> [Your task]
Each entry is to be retyped without alteration, and no picture is to be included.

------ Data to use ------

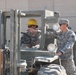 Three Soldiers maintain regulated waste yard
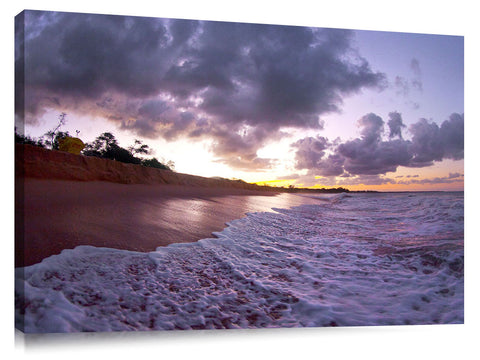 An ocean wave breaking onto the beach at Makena State Park, on the island of Maui in Hawaii.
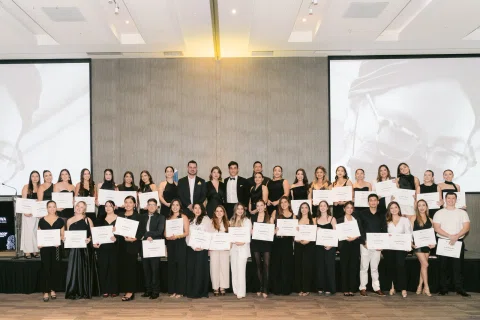 Grupo posa en escenario mostrando certificados de participación.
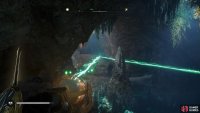 Shine the light beam at each orb to create the crack in the rock beneath the water.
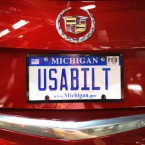 The license plate on the first 2013 Cadillac ATS available for retail is shown after the vehicle rolls off the assembly line at a General Motors plant on July 26.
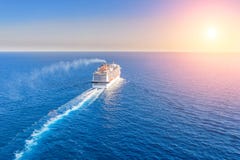 Cruise Ship Liner Goes Into Horizon The Blue Sea Leaving A Plume On The Surface Of The Water Seascape During Sunset. Aerial View, Stock Photos Cruise Ship Liner Goes Into Horizon The Blue Sea Leaving A Plume On The Surface Of The Water Seascape During Sunset. Aerial View, Stock Photos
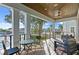Covered patio with seating area and waterfront views at 5104 Homer W Ave, Tampa, FL 33629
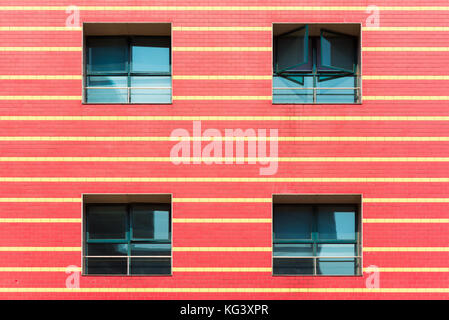 Red brick wall with yellow horizontal lines and four windows Stock Photo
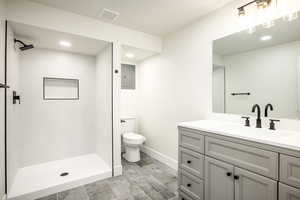 Bathroom featuring vanity, toilet, walk in shower, and electric panel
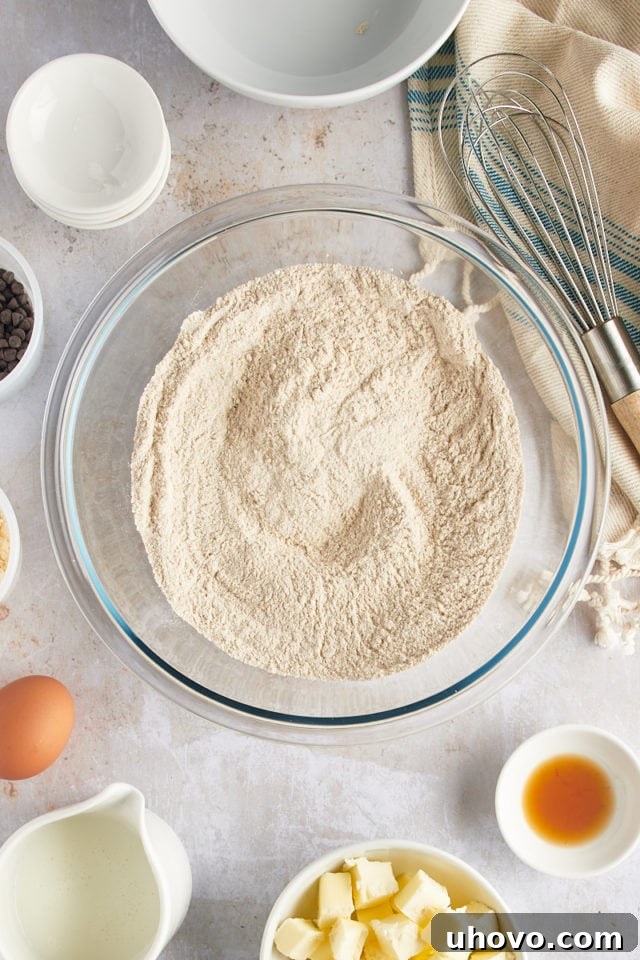 Overhead view of flour, sugar, baking powder, baking soda, and salt mixed in a large bowl.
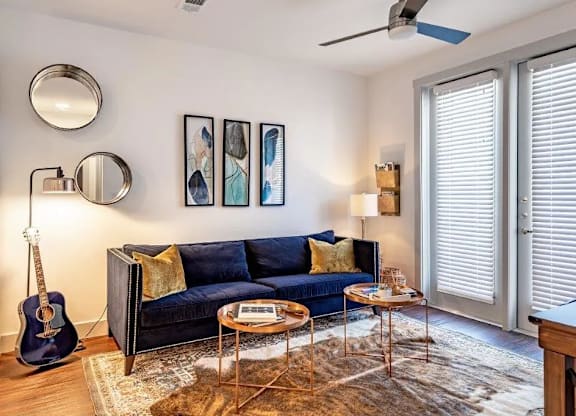 a living room with a couch and a guitar in it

------

> [Your response]
 Three Soldiers maintain regulated waste yard
 An ocean wave breaking onto the beach at Makena State Park, on the island of Maui in Hawaii.
 Grupo posa en escenario mostrando certificados de participación.
 Shine the light beam at each orb to create the crack in the rock beneath the water.
 The license plate on the first 2013 Cadillac ATS available for retail is shown after the vehicle rolls off the assembly line at a General Motors plant on July 26.
 Cruise Ship Liner Goes Into Horizon The Blue Sea Leaving A Plume On The Surface Of The Water Seascape During Sunset. Aerial View, Stock Photos Cruise Ship Liner Goes Into Horizon The Blue Sea Leaving A Plume On The Surface Of The Water Seascape During Sunset. Aerial View, Stock Photos
Covered patio with seating area and waterfront views at 5104 Homer W Ave, Tampa, FL 33629
 Red brick wall with yellow horizontal lines and four windows Stock Photo
 Bathroom featuring vanity, toilet, walk in shower, and electric panel
 Overhead view of flour, sugar, baking powder, baking soda, and salt mixed in a large bowl.
 a living room with a couch and a guitar in it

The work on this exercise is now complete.